Parecía una reedición de mis manos contra Castelar.
–¿Pero cómo? -pregunté asombrado.
–Te lo he dicho. Porque eres
gilipollas. No te has dado cuenta de que “El Polaco” le daba a
las cartas que quería a Castelar. No sé aún cómo lo hace para
lograr el orden tan exacto, yo tengo que mirar las cartas cada vez,
centrarme en cuatro o cinco y sacarlas de dentro del mazo sin que te
des cuenta y pienses que las saco de arriba. Pero me he fijado. El
puto polaco las saca en orden, no sé cuántos años lleva
practicando ese cabrón, pero es capaz de barajar rápido y ordenar
las cartas como él quiere. Lo hace solo en una de cada tres manos,
pero lo suficiente como para darle a Castelar una ventaja
insuperable. Solo va a jugar duro cuando sepa que “El Polaco” le
elige las cartas.
–¿Castelar hace trampas? ¡Tengo
que...! -Una súbita revelación cruzó mi mente- ¿Los otros
jugadores lo saben?
–No sé si todos lo saben, pero lo
que está claro es que solamente van a las manos que Castelar no
juega. El tal Damián sí que está al tanto. De eso estoy segura.
Cada vez que dobla el dinero con el que entró, juega dos o tres
manos fuertes contra Castelar hasta que se queda como empezó. Le
regala las fichas y cuando él está a punto de perder, Castelar le
deja que le robe todas y cada una de las ciegas hasta que se
recupera.
–¿Cómo... cómo no me he dado
cuenta?
–Porque son jodidamente buenos. Y
seguramente al principio no usaron esas técnicas para no
“asustarte”. Solo cuando ya estabas tan metido en sus partidas
que no podías irte, empezaron a sangrarte. Tal vez esperaron a que
tuvieras una mala tarde para que volvieras a la semana siguiente sí
o sí a recuperarlo...
Traté de hacer memoria. Carolina había
dado en el clavo. Había caído en una trampa vilmente tejida por
aquella maldita bola de sebo con negocios en los cinco continentes.
De pronto, una revelación cruzó mi mente.
–Entonces... cuando el “Cami”
perdió aquella partida...
–Me estaba empezando a tratar como
una mierda y quise darle un correctivo. Aunque no pensé que llegaría
a apostarme.
Me estremecí. Lo que yo había
considerado una mano magistral era simplemente un plan tejido por las
manos de Carol. Recordaba aquella mano como si hubiera sido hoy. Me
entregó la mano sacando un dos en el turn y
fue ahí cuando hice que “Cami” la apostara. Pero ella podía
haberlo evitado todo con la última carta, sacando alguna que hiciera
a su exnovio replantearse la apuesta, pero le dio una buena jugada,
inferior a la mía, para que echara el resto.

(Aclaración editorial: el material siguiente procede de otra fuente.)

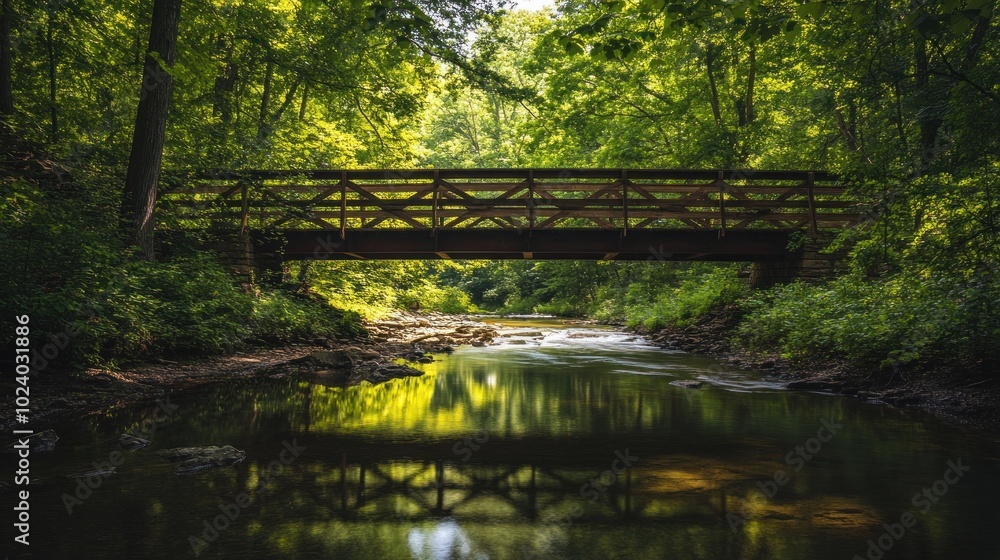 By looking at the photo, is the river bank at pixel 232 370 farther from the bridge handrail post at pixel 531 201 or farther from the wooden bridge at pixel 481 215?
the bridge handrail post at pixel 531 201

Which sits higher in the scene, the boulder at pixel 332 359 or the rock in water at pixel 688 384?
the boulder at pixel 332 359

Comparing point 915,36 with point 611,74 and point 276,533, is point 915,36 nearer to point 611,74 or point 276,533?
point 276,533

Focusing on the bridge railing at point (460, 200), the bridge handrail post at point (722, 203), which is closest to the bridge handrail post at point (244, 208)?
the bridge railing at point (460, 200)

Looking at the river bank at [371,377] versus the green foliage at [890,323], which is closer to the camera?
the river bank at [371,377]

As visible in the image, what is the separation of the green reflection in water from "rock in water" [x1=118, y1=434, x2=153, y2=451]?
0.18 metres

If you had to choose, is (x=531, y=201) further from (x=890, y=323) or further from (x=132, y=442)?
(x=132, y=442)

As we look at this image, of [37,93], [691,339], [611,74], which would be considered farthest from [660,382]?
[611,74]

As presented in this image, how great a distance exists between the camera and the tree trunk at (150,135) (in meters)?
9.75

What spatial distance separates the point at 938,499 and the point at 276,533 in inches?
182

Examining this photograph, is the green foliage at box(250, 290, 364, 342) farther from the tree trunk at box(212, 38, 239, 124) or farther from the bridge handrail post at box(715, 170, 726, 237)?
the bridge handrail post at box(715, 170, 726, 237)

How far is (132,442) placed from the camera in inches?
207

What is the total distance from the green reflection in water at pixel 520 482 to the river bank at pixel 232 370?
1.86ft

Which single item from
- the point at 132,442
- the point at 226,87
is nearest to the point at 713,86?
the point at 226,87

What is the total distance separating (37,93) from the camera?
12.4m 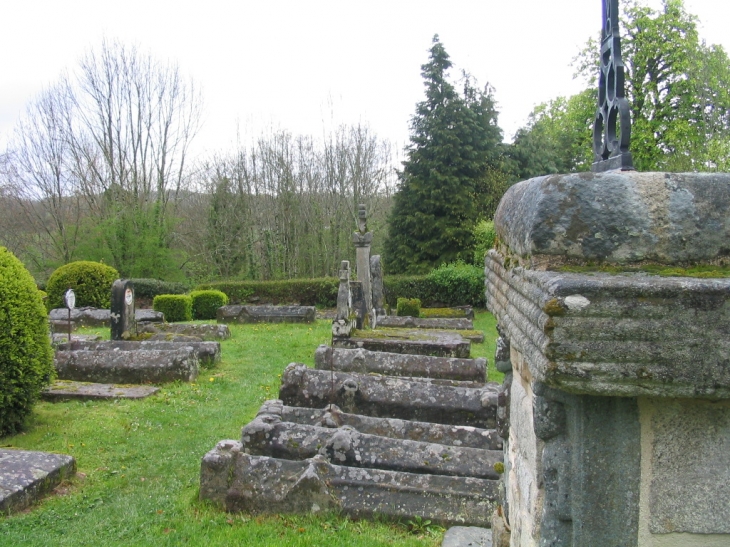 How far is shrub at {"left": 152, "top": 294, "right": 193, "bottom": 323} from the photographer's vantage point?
17.3m

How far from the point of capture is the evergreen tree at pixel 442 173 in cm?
2445

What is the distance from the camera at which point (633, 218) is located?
1.60 m

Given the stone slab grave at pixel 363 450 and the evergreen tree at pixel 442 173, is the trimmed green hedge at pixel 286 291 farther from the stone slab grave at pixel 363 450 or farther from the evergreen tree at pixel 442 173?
the stone slab grave at pixel 363 450

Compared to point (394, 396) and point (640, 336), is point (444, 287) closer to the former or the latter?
point (394, 396)

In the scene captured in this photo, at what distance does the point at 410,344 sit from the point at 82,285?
12.7 m

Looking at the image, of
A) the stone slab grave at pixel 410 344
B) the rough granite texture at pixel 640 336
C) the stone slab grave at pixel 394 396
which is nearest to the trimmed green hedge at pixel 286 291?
the stone slab grave at pixel 410 344

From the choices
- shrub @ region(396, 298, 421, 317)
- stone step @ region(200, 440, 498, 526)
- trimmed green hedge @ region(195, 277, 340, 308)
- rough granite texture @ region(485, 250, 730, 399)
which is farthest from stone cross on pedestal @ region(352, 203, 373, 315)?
rough granite texture @ region(485, 250, 730, 399)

–Tienes que volver -La orden de
Carolina me sacó de mis ensoñaciones-. Tienes que jugar tú solo
contra Castelar. Es la única variable que puedo controlar. Si entra
Damián en la partida no podrás en un dos contra uno por más que
trate de anular a “El Polaco”.
–¿Cómo? Castelar no permitirá que
reparta nadie más que él. Y aún así, no sé si ganaré.
–Ganarás. -La seguridad de la voz de
mi chica era tan rotunda que no podía negarle la razón.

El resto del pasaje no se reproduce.